Manual data entry is resource intensive. To reduce this, data recorded in clinical routine will be re-used for the registry. The aim of this work package is to establish FAIR stations at each site (together forming a FAIR backbone) from which the proton therapy registry will be filled in automatically. FAIR data stations will be based on Semantic Web technology (linked data) and will include actual extraction of local data through a link to hospital systems (EHR, treatment planning, Record&Verify etc.) in all participating centres. Open source tools from prior work (e.g. Pentaho, PostgreSQL, CTP, MIA, dcm4chee, D2R and Blazegraph) will be re-used.The FAIR data “stations” will be connected using a distributed learning system from prior work (“track”). In this Docker based system, research questions (“trains”) can be exchanged securely and use the stations’ data. Each station, in principle, will allow all data to be used including the minimal dataset.

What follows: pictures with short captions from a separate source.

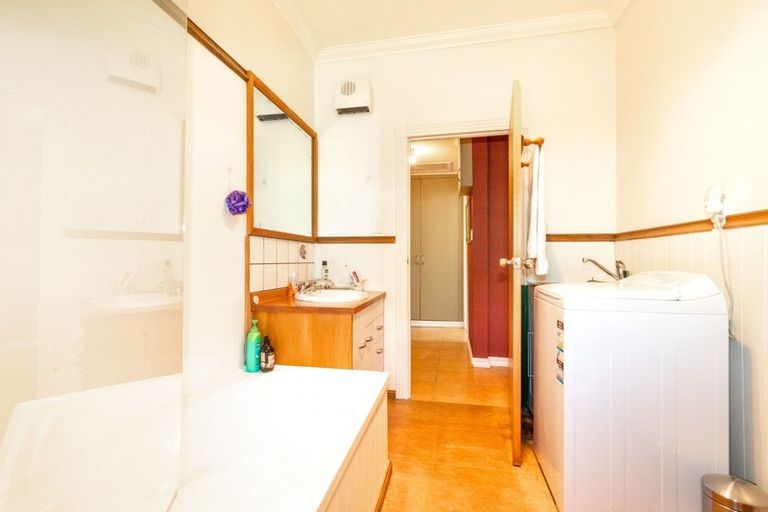 Photo of property in 43 Helena Street, Forbury, Dunedin, 9012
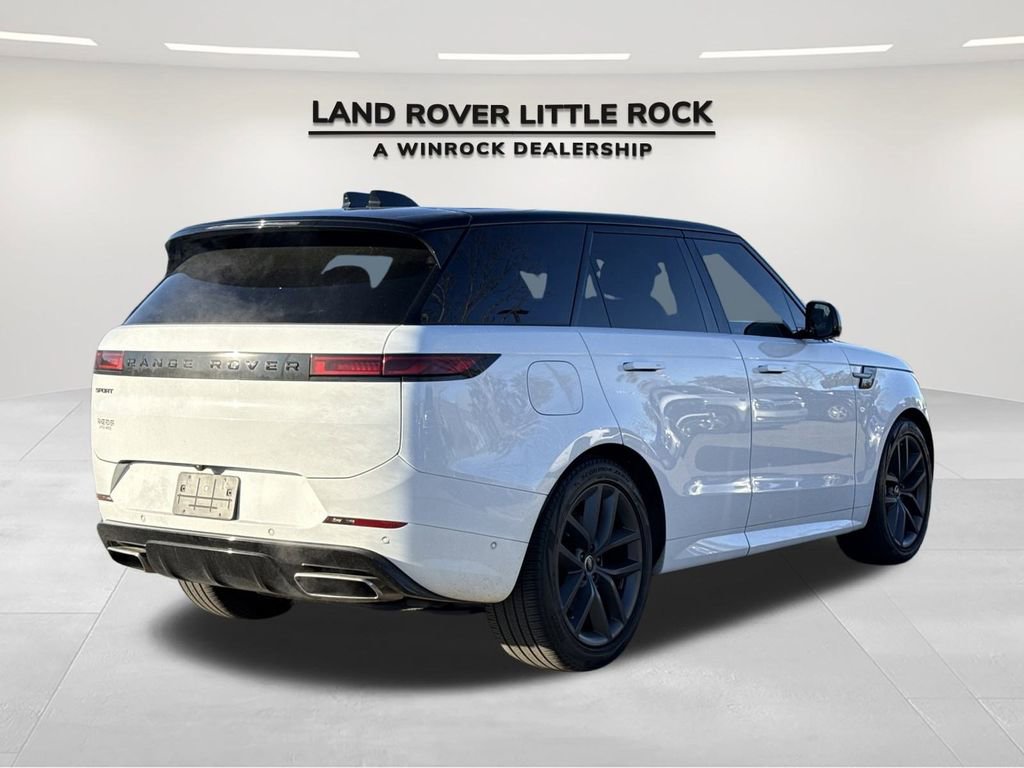 Used 2024 Land Rover Range Rover Sport Dynamic SE image 2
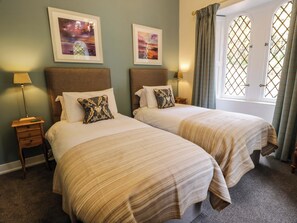 Cottage | 2 bedrooms, individually decorated, individually furnished, free WiFi - East Lodge - Crathes Castle (Banchory)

ProTRAIT aims to setup proton therapy registries that will be adopted throughout the Netherlands and develop tools for radiotherapy that will enable an unprecedented combination of both DICOM RT and clinical/follow up data and integrated analysis. Specifically, the main goal of ProTRAIT is to set up an IT infrastructure that can support the MBA on a national scale by harmonizing data acquisition(clinical, DICOM RT), making data FAIR and linking data from different sources and centres.

FAIR data stations

FAIR data stations are the locations containing FAIR data. In ProTRAIT case the stations will contain the minimum data elements from each specific treatment site(Head and Neck, Breast, Generic List, etc.). Each data element has an associated license describing what a visiting “train” is allowed to do with that data element. The stations are created and maintained by the appropriate trusted parties and governed by the data owners.

FAIR data trains

‘Trains’ are ‘workflows’ executing specific research questions or use cases that need FAIR data. Trains can be big: ‘Which data elements are most predictive of survival after head and neck cancer given all patients’ treated with protons in the Netherlands?’ or small and personal: ‘Is there a trial that I can join given my specific disease?’ Trains are built and maintained by the researcher(fig.2).

Overview of the FAIR data infrastructure

Fig.2: Connection of the FAIR data stations with “trains” across the different proton centers in the Netherlands.